* _Your objective_: Could you retype every entry below exactly as written?

**** Task inputs ****

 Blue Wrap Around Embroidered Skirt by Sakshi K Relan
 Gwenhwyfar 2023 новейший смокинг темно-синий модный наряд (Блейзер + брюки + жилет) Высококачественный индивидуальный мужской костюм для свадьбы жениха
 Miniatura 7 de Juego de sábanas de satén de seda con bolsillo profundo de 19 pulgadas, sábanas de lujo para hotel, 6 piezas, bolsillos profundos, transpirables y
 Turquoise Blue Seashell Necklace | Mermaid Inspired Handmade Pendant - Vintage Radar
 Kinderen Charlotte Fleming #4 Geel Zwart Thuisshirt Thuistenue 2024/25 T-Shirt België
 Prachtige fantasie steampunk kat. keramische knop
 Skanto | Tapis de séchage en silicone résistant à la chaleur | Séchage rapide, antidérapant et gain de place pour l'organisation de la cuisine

****

* _Exercise output_:
 Blue Wrap Around Embroidered Skirt by Sakshi K Relan
 Gwenhwyfar 2023 новейший смокинг темно-синий модный наряд (Блейзер + брюки + жилет) Высококачественный индивидуальный мужской костюм для свадьбы жениха
 Miniatura 7 de Juego de sábanas de satén de seda con bolsillo profundo de 19 pulgadas, sábanas de lujo para hotel, 6 piezas, bolsillos profundos, transpirables y
 Turquoise Blue Seashell Necklace | Mermaid Inspired Handmade Pendant - Vintage Radar
 Kinderen Charlotte Fleming #4 Geel Zwart Thuisshirt Thuistenue 2024/25 T-Shirt België
 Prachtige fantasie steampunk kat. keramische knop
 Skanto | Tapis de séchage en silicone résistant à la chaleur | Séchage rapide, antidérapant et gain de place pour l'organisation de la cuisine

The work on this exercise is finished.